# Work to complete
Your response should consist solely of the lines from the one containing "Virtually stage front bedroom." through the end of the data, copied exactly.

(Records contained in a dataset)
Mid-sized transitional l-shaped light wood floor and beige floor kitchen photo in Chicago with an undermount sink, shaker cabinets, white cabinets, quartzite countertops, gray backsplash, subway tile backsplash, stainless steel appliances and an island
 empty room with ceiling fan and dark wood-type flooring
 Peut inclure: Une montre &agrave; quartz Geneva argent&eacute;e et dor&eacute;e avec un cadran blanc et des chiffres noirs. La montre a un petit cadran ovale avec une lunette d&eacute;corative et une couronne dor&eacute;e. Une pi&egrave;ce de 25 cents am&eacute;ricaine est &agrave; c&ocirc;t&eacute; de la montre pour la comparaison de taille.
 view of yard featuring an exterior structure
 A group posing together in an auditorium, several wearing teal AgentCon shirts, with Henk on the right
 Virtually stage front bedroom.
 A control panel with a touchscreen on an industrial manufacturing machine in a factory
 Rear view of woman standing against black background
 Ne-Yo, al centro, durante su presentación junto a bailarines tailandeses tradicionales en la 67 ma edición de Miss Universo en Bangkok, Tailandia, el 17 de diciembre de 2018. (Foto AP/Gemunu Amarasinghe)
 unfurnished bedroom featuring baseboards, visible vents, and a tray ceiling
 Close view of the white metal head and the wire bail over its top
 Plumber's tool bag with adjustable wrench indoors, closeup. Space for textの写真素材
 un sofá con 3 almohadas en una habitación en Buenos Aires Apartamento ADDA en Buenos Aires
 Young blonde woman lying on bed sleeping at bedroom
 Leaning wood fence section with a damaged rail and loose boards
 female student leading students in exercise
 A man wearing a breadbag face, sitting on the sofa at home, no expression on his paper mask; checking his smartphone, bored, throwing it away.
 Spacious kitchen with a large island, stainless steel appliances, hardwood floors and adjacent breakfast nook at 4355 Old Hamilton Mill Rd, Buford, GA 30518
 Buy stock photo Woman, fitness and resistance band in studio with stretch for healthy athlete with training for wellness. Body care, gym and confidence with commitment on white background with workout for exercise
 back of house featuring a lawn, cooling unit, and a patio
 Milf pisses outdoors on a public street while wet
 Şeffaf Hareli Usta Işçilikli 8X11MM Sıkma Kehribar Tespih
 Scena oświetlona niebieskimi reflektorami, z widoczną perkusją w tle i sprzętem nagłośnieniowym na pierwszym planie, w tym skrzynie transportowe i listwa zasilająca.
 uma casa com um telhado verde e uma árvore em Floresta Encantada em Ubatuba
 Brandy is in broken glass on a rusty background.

# Written solution
 Virtually stage front bedroom.
 A control panel with a touchscreen on an industrial manufacturing machine in a factory
 Rear view of woman standing against black background
 Ne-Yo, al centro, durante su presentación junto a bailarines tailandeses tradicionales en la 67 ma edición de Miss Universo en Bangkok, Tailandia, el 17 de diciembre de 2018. (Foto AP/Gemunu Amarasinghe)
 unfurnished bedroom featuring baseboards, visible vents, and a tray ceiling
 Close view of the white metal head and the wire bail over its top
 Plumber's tool bag with adjustable wrench indoors, closeup. Space for textの写真素材
 un sofá con 3 almohadas en una habitación en Buenos Aires Apartamento ADDA en Buenos Aires
 Young blonde woman lying on bed sleeping at bedroom
 Leaning wood fence section with a damaged rail and loose boards
 female student leading students in exercise
 A man wearing a breadbag face, sitting on the sofa at home, no expression on his paper mask; checking his smartphone, bored, throwing it away.
 Spacious kitchen with a large island, stainless steel appliances, hardwood floors and adjacent breakfast nook at 4355 Old Hamilton Mill Rd, Buford, GA 30518
 Buy stock photo Woman, fitness and resistance band in studio with stretch for healthy athlete with training for wellness. Body care, gym and confidence with commitment on white background with workout for exercise
 back of house featuring a lawn, cooling unit, and a patio
 Milf pisses outdoors on a public street while wet
 Şeffaf Hareli Usta Işçilikli 8X11MM Sıkma Kehribar Tespih
 Scena oświetlona niebieskimi reflektorami, z widoczną perkusją w tle i sprzętem nagłośnieniowym na pierwszym planie, w tym skrzynie transportowe i listwa zasilająca.
 uma casa com um telhado verde e uma árvore em Floresta Encantada em Ubatuba
 Brandy is in broken glass on a rusty background.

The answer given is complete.